What this task involves: In the material below, find the line with "MOLEX CP SKT FEM UNSLD TIN CPR" and the line with "2025 Chevrolet Silverado", then output both and every line between them exactly, omitting pictures.

Records:
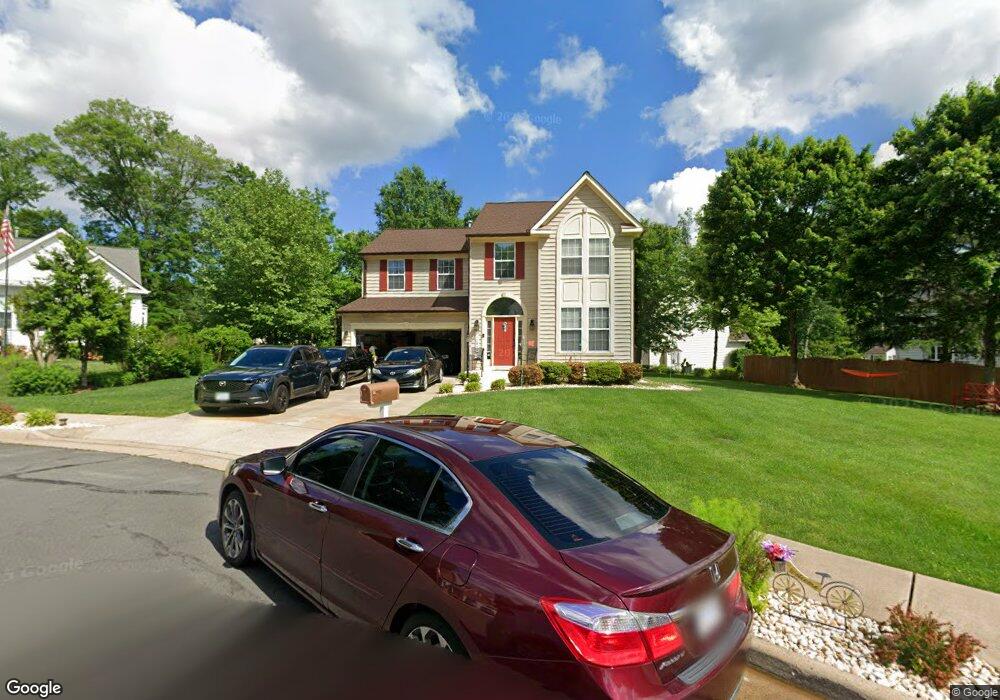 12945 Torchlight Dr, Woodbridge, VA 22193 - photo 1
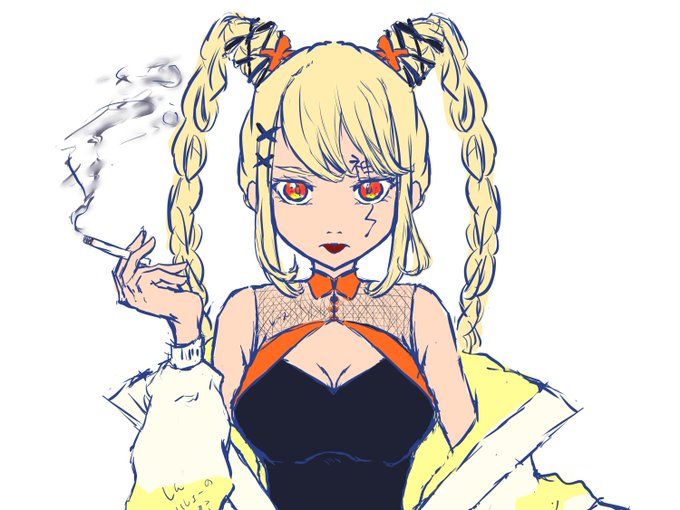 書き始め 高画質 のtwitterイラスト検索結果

* * *

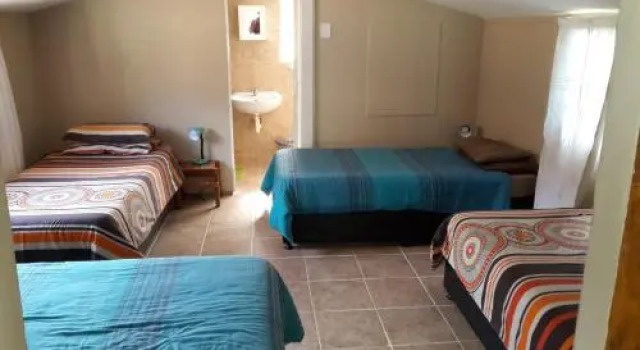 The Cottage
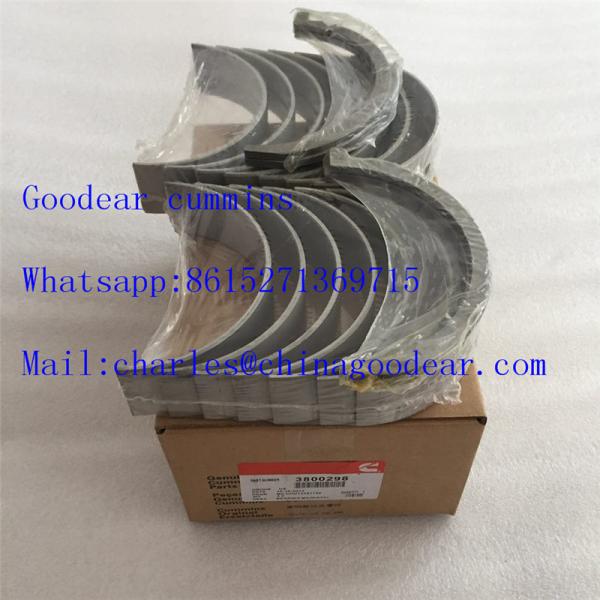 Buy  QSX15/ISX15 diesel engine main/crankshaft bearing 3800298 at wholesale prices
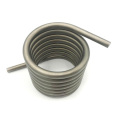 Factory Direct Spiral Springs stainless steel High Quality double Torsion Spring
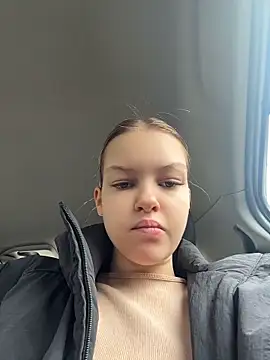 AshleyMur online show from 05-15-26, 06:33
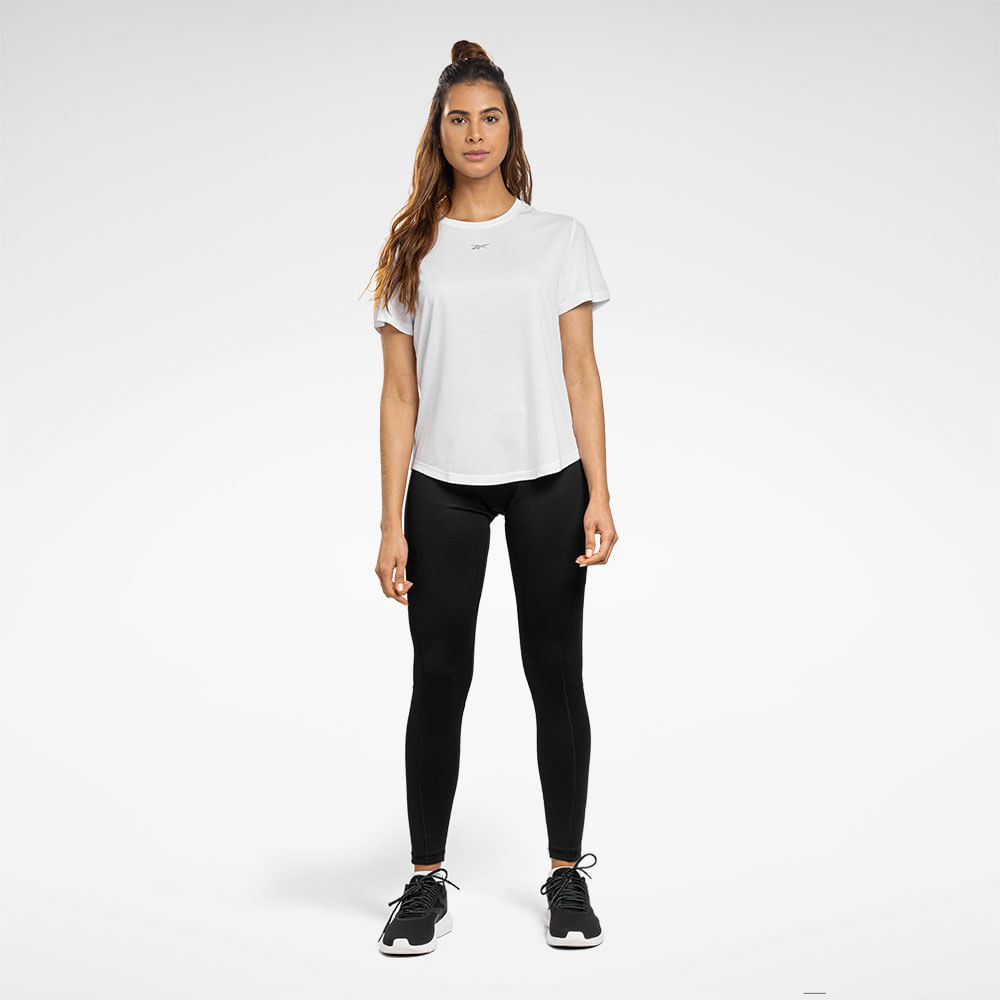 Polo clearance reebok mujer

...

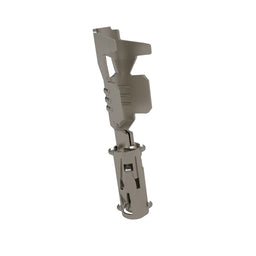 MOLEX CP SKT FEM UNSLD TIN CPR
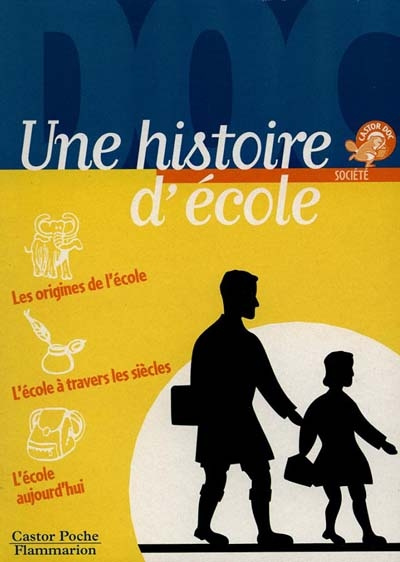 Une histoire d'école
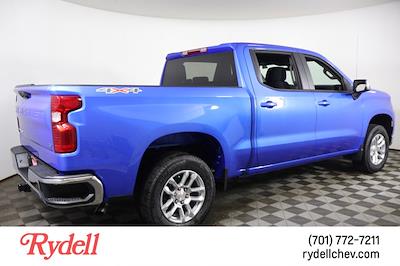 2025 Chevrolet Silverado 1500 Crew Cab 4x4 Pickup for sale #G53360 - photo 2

Exercise solution:
 MOLEX CP SKT FEM UNSLD TIN CPR
 Une histoire d'école
 2025 Chevrolet Silverado 1500 Crew Cab 4x4 Pickup for sale #G53360 - photo 2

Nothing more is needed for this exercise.